▶ _Data for the task_
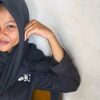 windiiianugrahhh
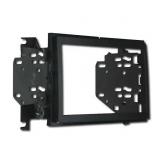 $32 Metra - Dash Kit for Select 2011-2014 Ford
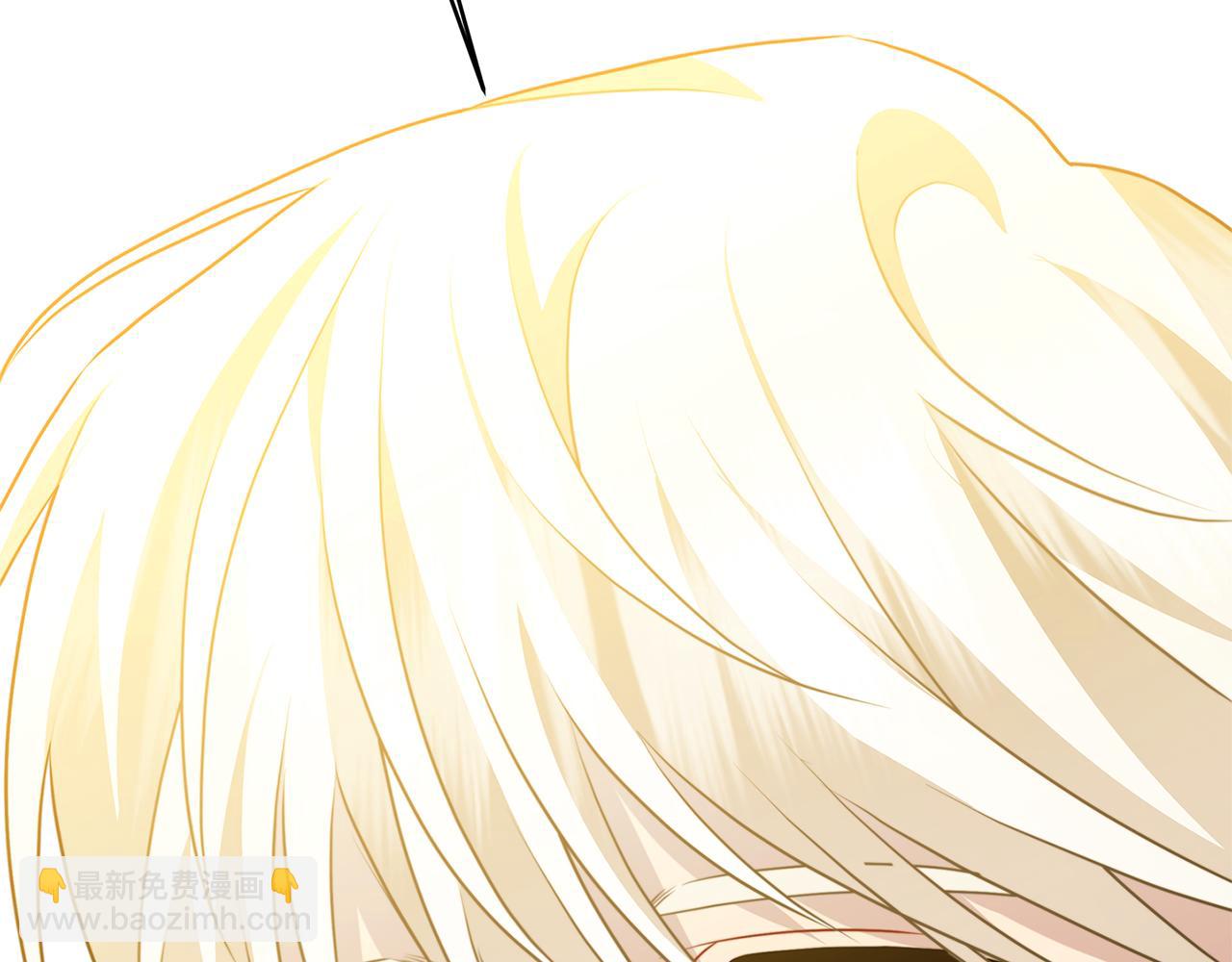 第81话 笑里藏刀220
--
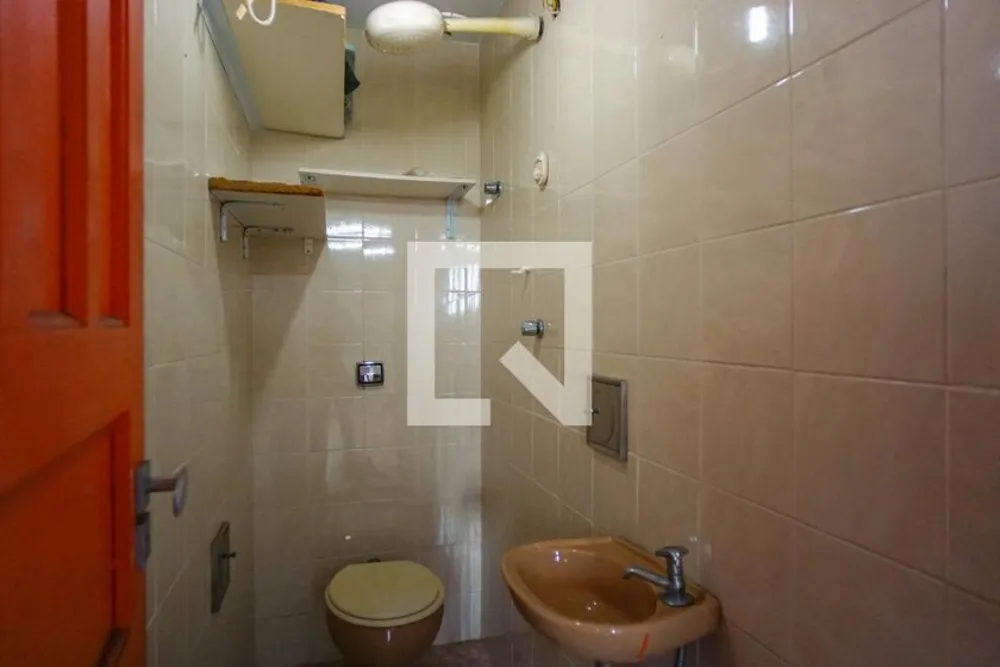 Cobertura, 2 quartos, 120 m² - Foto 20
...
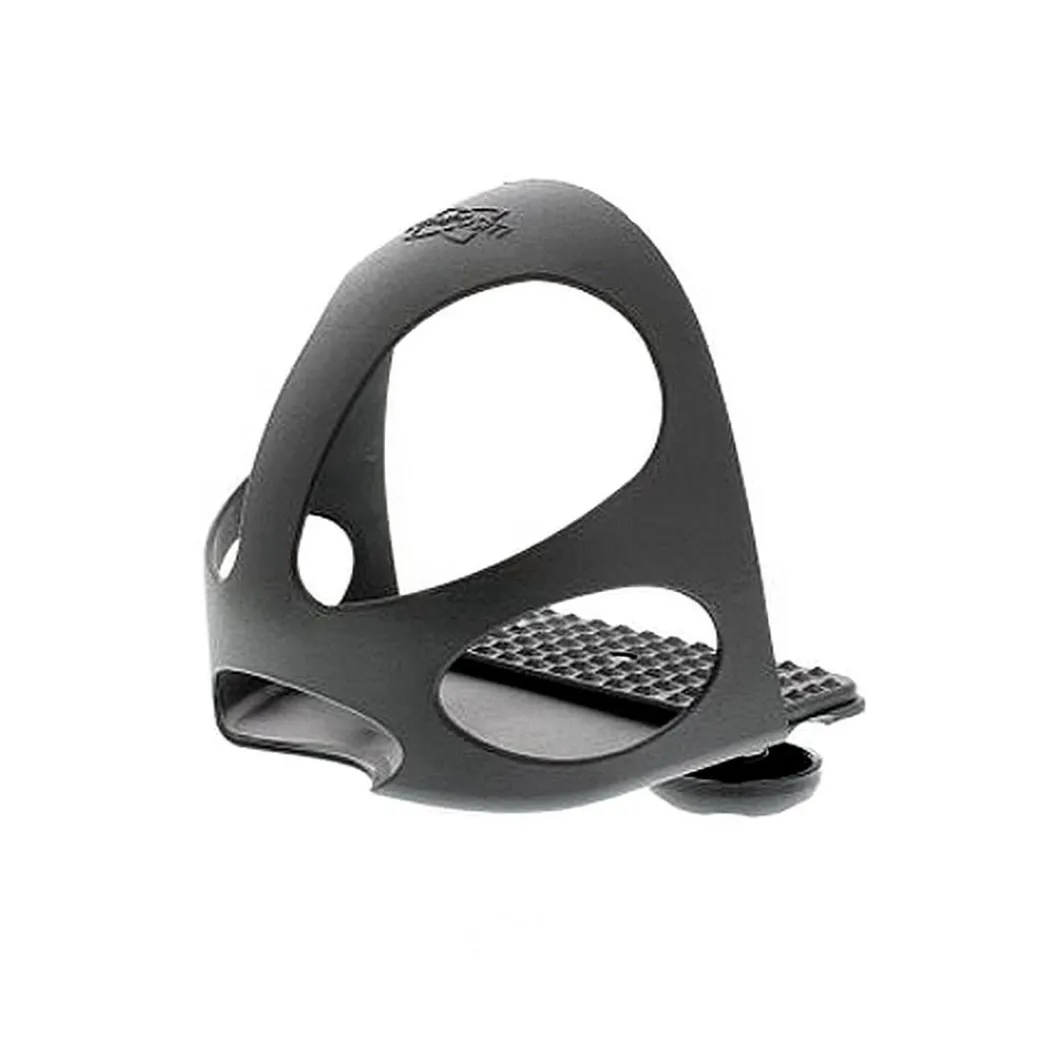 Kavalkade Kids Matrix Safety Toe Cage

▶ _Exercise instructions_
An exact copy is needed. It runs from the line above containing "windiiianugrahhh" down to the line containing "第81话 笑里藏刀220", both included, with no pictures.

▶ _Answer to this problem_
 windiiianugrahhh
 $32 Metra - Dash Kit for Select 2011-2014 Ford
 第81话 笑里藏刀220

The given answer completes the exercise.